1/3 of Poles admit throwing away food, mostly because of missing the best-before date or buying too much food at once – states the newest report of the Polish Food Bank Association. At the same time Poland was funded with 92,600 tonne food aid package by the European Union. See our article about it.

A lot of money ends up in trash because of food waste

A lot of money ends up in trash because of food waste

Sliced meat, bread and vegetables are the most common products that end up in the trash. According to the report, Poles are not doing it on purpose – they are unaware how not to waste food.

Throwing away food is a serious problem appearing every day in many Polish homes.

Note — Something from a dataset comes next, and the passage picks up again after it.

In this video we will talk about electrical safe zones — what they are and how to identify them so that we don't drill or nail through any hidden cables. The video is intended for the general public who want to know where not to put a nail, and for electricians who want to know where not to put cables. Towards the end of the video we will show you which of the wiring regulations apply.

We want to create awareness and educate Poles how they can minimise wasting sliced meat, bread, vegetables, fruit or dinner leftovers, says Marek Borowski, the Managing Director ofthe Polish Food Bank Association.

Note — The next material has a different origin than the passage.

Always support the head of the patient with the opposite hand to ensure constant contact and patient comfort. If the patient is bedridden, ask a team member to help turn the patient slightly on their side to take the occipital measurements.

    The most common products that Poles throw away:

  • sliced meat – 43%
  • bread – 36 %
  • vegetables – 32%
  • fruit – 27%
  • yoghurts – 23%
  • potatoes – 20%
  • meat – 17%
  • milk – 17%
  • cheese – 12%
  • fish – 8%
  • convenience food – 8%
  • eggs – 4%
    The reasons why Poles throw food away:

  • missing the best-before date – 38%
  • buying too much food at once – 15%
  • preparing too big portions of food – 13%
  • storing the food inappropriately – 11%
  • buying bad quality food – 9%
  • the product or dish turns out to be distasteful – 6%
  • lack of ideas how to use the lefovers – 3%
  • buying without a shopping list – 2%

This year’s survey of the Centre for Public Opinion Research shows that people who are wealthier and occupy higher work positions waste much more food than people who are older or earn much less. However, Poles claim that they throw away much less food than in 2005. Authors of the report believe that it might be the result of successful public service announcements.

16th of October is National Food Day, so it is a perfect moment to realise how much food we waste and think what we can do to minimise it. Taking this opportunity, the Polish Food Bank Association organises a series of events and cooking workshops in order to encourage children and teenagers to eat healthy and limit food waste.